The lesson isn’t “ROADtools is dangerous.” The lesson is that nation-state actors are increasingly choosing legitimacy as a camouflage strategy. If your detection relies on known-bad signatures, you’re already behind.

Cisco, Linux, and the Patch Queue That Never Ends

Cisco patched a high-severity SSRF flaw in Unified Communications Manager (CVE-2026-20230, CVSS 8.6). Proof-of-concept code is already public. No active exploitation confirmed yet — but that window closes fast.

CISA added a Linux Kernel privilege escalation flaw (CVE-2022-0492, CVSS 7.8) to its Known Exploited Vulnerabilities catalog, with a remediation deadline of June 5, 2026. Kaspersky observed it being exploited alongside two other container escape CVEs.
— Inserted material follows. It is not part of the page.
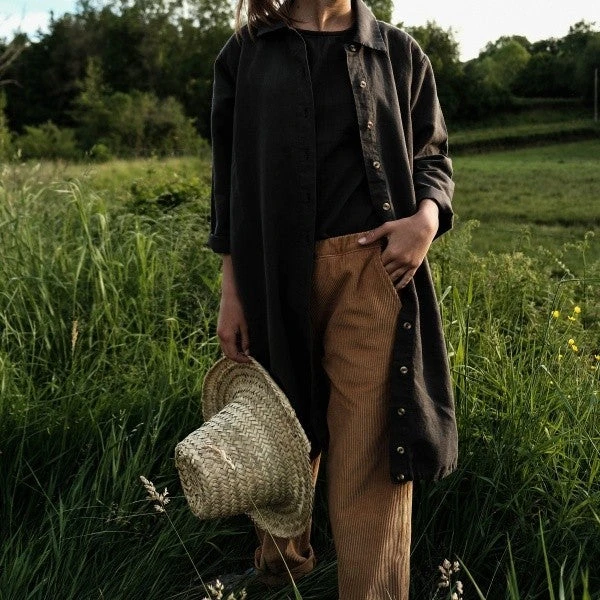 Organic Cotton Chunky Corduroy Pants - Brown Sugar 5 Organic Cotton Chunky Corduroy Pants - Brown Sugar - Image 5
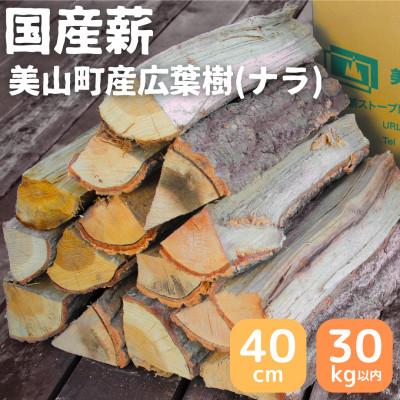 ふるさと納税 南丹市 南丹市 美山町産 ナラ 乾燥薪 30kg 40cm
If you’re running containerized workloads and haven’t patched this, you’re overdue.

Data Extortion Without Ransomware Is Accelerating

Unit 42 flagged a rising trend: pure data exfiltration attacks that skip ransomware entirely. No encryption, no ransom note — just quiet theft and leverage. In 2025, construction firms saw a 44% year-over-year increase as targets, driven by valuable bidding data and financial blueprints.
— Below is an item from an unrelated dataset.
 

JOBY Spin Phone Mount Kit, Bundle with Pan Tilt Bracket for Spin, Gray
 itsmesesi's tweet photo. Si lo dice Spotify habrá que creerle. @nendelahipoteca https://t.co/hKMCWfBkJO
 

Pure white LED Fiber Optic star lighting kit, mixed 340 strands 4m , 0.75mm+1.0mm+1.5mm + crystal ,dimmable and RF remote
Healthcare and professional services remain primary targets. The shift makes sense from an attacker’s perspective: ransomware triggers incident response and law enforcement attention. Data theft is quieter, harder to detect, and still highly monetizable.

Quick Hits Worth Knowing

• Russia’s FSB disclosed a large-scale mobile spyware operation targeting high-ranking officials, allegedly leveraging capabilities of major international IT corporations. No attribution made public. Investigation ongoing.
• U.S. Treasury sanctioned Nobitex, Iran’s largest crypto exchange, along with three others — Wallex, Bitpin, and Ramzinex — for facilitating IRGC-linked ransomware payments and sanctions evasion. The four exchanges collectively processed ~$7.7 billion, or 78% of Iran’s 2025 attributed crypto volume.
• DriveSurge, a pay-per-install malware distribution cluster, has compromised thousands of websites using ClickFix and FakeUpdates lures routed through a traffic distribution system called ZTDS — active since at least 2015, still very much operational.
• FalkonC2, a commercial hacking framework, rotates its C2 every 72 hours, runs in memory, and specifically hunts for QuickBooks and Sage50 accounting data. Active infections detected across the U.S., Australia, Netherlands, and Poland.
• Google made Device Bound Session Credentials (DBSC) generally available for Workspace users, binding session cookies to authenticated devices. A meaningful step against session hijacking malware.
• Adobe infrastructure is being abused in LinkedIn phishing campaigns that capture credentials and redirect victims to the real LinkedIn site — using Adobe Target as a redirect layer to avoid detection.
• ESET identified three Iran-aligned threat clusters — Rusty Boots, MoKhargosh, and MOON Badr — targeting Israeli organizations between October 2025 and March 2026, deploying bootkits, wipers, and espionage backdoors.
• CISA warned about attacks on internet-exposed automatic tank gauge systems at fuel facilities, exploiting hard-coded credentials and SQL injection to gain full administrator access.

The Bigger Picture

Anthropic’s Project Glasswing expansion — now covering 150 organizations across 15 countries — signals something the industry is quietly grappling with: AI is surfacing vulnerabilities faster than teams can patch them. The Cloud Security Alliance, SANS, and OWASP put it plainly: organizations are “likely to be overwhelmed” as the time between disclosure and weaponization compresses toward zero.

The XSS forum takedown from July 2025 didn’t kill the cybercrime underground. It fragmented it into smaller, harder-to-track communities — some potentially law enforcement honeypots, others run by former moderators with grudges and better operational security.

Same mess. New wrapper. The tape is holding — barely.

Stay sharp. Patch fast. And maybe don’t use that free background-removal tool.